------ Source records

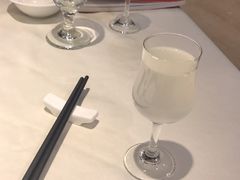 -文杏酒楼(一品天下店)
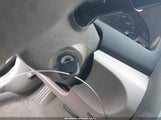 Toyota Camry Le 4T4BF3EK4BR165324 снимка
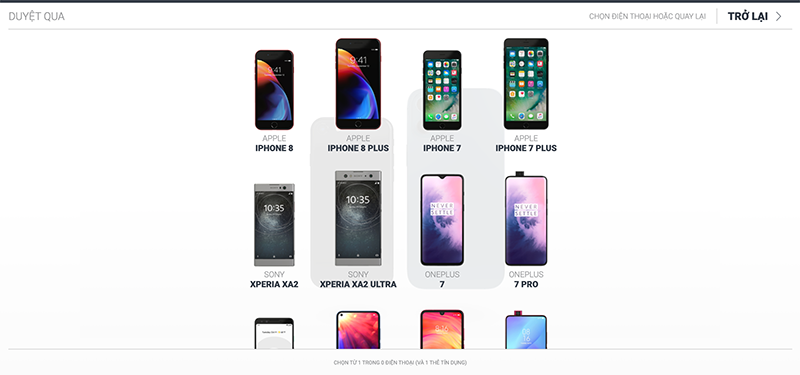 ban-dung-iphone-12-5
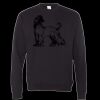 JWC Midweight Sweatshirt Thumbnail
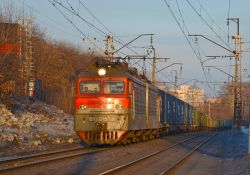 875 КБ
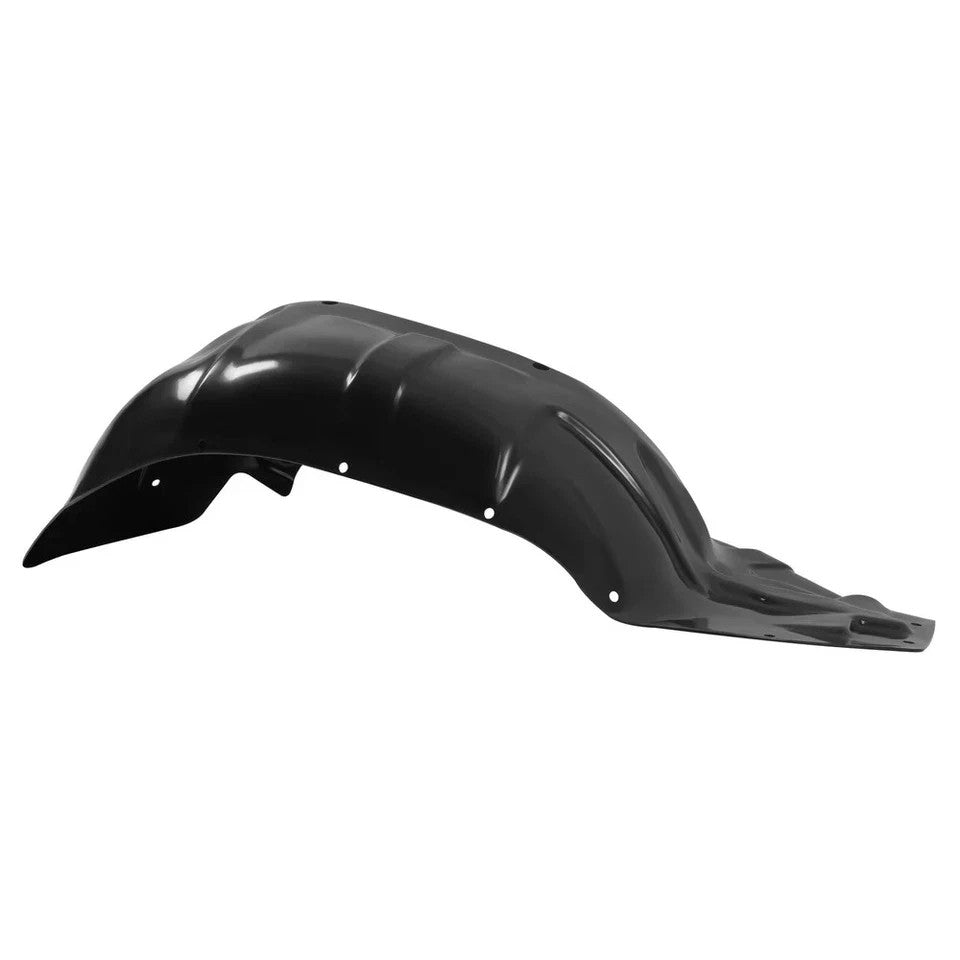HECASA For Chevy Chevelle EL Camino Monte Carlo 1968-1972 Inner Fender Right RH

------------

#### Task to carry out
Would you print all of the material exactly as written, minus the pictures?

#### Expected answer
 -文杏酒楼(一品天下店)
 Toyota Camry Le 4T4BF3EK4BR165324 снимка
 ban-dung-iphone-12-5
 JWC Midweight Sweatshirt Thumbnail
 875 КБ
HECASA For Chevy Chevelle EL Camino Monte Carlo 1968-1972 Inner Fender Right RH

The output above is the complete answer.